### Aim of the exercise
The answer should match the entries that follow exactly, except that no image appears in it.

### Data provided
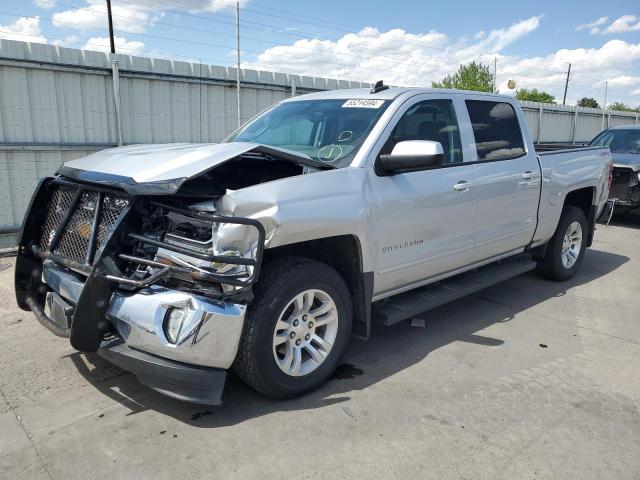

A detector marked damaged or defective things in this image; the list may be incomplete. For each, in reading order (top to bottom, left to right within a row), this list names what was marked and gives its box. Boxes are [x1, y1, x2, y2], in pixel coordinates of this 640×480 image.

crumpled hood [58, 142, 324, 195]
crumpled hood [612, 153, 640, 172]
damaged front end [15, 172, 264, 404]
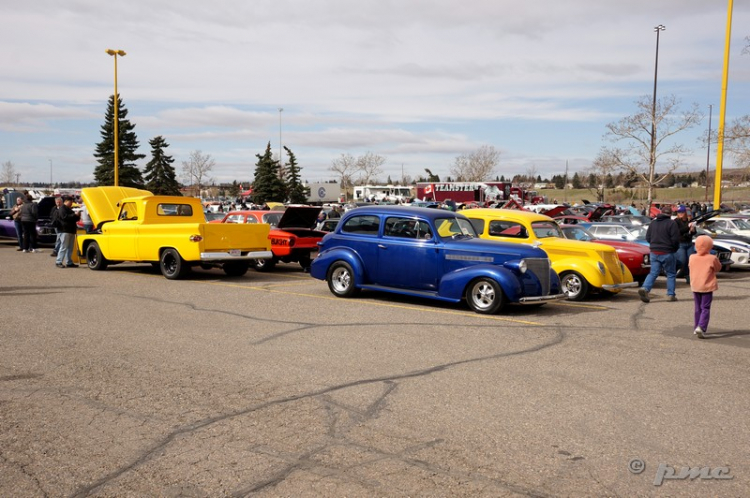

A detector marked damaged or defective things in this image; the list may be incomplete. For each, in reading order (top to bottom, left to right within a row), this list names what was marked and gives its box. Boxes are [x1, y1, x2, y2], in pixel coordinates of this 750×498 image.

crack in pavement [70, 328, 568, 496]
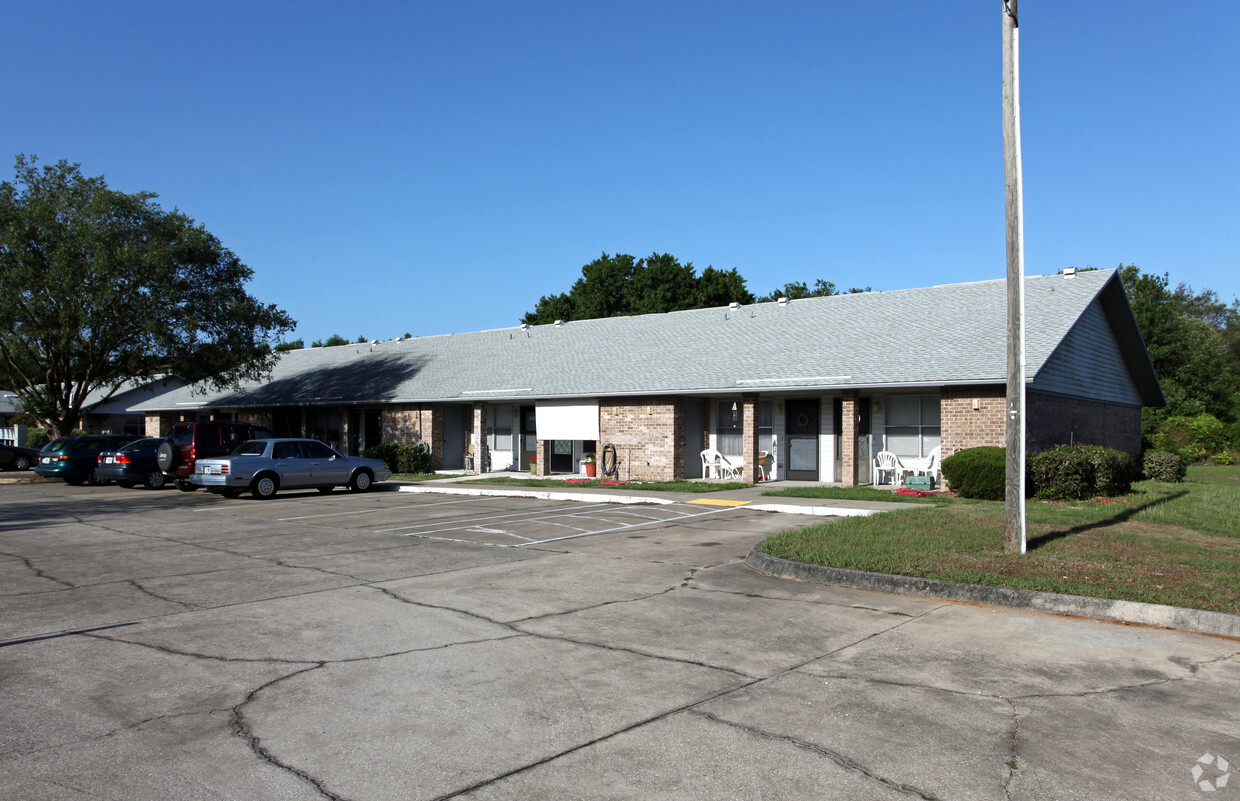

### Written response
A detector marked damaged or defective things in this image; the list may be incomplete. For each, in reading order (top to bottom, left to right within a row), this list names what was marked and gives its box. Boxes are [x1, y1, x2, y2], in pixel coordinates of this 640×480 image.

crumpled hood [58, 142, 324, 195]
crumpled hood [612, 153, 640, 172]
damaged front end [15, 172, 264, 404]

A detector marked damaged or defective things in this image; the list may be incomplete. For each, in reading order (top to bottom, left to right within a row), this list names what was marked and gives its box. Boxes are [x1, y1, x2, y2], in pixel coordinates of this 750×498 image.

crack in pavement [70, 328, 568, 496]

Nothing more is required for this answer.